WHAT YOU HAVE TO DO
Given the entries that follow, write out exactly the lines starting at the one containing "Darmowa Dostawa - Wieszak" and ending at the one containing "Кросівки Skechers GO", both ends included, and only those.

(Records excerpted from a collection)
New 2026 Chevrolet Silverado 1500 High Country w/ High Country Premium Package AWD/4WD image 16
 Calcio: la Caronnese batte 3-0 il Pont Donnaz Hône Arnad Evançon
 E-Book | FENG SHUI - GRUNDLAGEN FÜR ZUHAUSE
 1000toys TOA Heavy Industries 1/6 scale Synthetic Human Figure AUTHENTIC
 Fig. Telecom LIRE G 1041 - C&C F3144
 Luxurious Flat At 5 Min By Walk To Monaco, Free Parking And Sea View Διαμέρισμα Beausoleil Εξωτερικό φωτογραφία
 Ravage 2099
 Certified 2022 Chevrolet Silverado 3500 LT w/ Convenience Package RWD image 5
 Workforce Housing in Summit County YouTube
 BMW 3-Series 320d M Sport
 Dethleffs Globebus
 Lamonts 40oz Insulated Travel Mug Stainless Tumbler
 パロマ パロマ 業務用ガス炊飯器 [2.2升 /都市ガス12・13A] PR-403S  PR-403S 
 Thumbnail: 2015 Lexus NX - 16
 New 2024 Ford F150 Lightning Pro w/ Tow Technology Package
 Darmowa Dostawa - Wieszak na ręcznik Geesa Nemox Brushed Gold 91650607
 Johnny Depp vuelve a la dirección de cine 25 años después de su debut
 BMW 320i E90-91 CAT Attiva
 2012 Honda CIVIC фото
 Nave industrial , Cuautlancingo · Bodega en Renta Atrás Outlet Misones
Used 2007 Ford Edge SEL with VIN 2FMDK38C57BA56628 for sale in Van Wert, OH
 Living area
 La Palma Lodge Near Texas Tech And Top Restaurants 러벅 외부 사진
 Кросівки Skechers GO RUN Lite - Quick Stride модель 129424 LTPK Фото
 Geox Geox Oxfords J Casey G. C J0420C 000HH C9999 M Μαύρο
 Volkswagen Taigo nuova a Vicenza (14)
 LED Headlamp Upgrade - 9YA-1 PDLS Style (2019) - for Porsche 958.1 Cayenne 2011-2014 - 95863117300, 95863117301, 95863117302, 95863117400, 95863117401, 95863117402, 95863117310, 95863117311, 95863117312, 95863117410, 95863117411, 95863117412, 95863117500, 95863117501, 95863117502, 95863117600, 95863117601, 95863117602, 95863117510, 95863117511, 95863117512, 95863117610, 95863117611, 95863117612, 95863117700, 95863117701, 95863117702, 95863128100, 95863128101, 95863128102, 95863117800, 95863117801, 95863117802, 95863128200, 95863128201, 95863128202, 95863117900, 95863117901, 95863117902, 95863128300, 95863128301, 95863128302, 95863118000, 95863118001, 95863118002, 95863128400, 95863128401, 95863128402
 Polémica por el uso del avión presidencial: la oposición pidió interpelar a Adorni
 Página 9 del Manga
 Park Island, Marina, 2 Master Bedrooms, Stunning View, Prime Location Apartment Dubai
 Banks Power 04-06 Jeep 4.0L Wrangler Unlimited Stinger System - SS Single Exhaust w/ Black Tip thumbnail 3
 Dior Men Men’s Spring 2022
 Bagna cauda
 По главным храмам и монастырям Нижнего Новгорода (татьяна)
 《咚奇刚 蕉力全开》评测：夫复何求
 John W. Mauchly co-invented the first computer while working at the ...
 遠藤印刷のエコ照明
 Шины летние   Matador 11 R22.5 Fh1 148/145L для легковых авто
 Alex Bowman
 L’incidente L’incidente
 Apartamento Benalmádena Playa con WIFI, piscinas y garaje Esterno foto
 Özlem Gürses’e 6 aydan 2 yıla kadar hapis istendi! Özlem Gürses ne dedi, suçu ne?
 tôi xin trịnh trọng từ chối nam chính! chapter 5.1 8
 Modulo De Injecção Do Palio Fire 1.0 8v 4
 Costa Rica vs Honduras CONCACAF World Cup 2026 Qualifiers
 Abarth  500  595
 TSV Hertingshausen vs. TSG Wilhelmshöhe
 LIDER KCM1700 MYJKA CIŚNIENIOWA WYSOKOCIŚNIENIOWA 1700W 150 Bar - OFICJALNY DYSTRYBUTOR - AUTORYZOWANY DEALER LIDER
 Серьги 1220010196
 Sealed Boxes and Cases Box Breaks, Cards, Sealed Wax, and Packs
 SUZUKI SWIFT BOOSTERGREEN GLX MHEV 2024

ANSWER SPACE
 Darmowa Dostawa - Wieszak na ręcznik Geesa Nemox Brushed Gold 91650607
 Johnny Depp vuelve a la dirección de cine 25 años después de su debut
 BMW 320i E90-91 CAT Attiva
 2012 Honda CIVIC фото
 Nave industrial , Cuautlancingo · Bodega en Renta Atrás Outlet Misones
Used 2007 Ford Edge SEL with VIN 2FMDK38C57BA56628 for sale in Van Wert, OH
 Living area
 La Palma Lodge Near Texas Tech And Top Restaurants 러벅 외부 사진
 Кросівки Skechers GO RUN Lite - Quick Stride модель 129424 LTPK Фото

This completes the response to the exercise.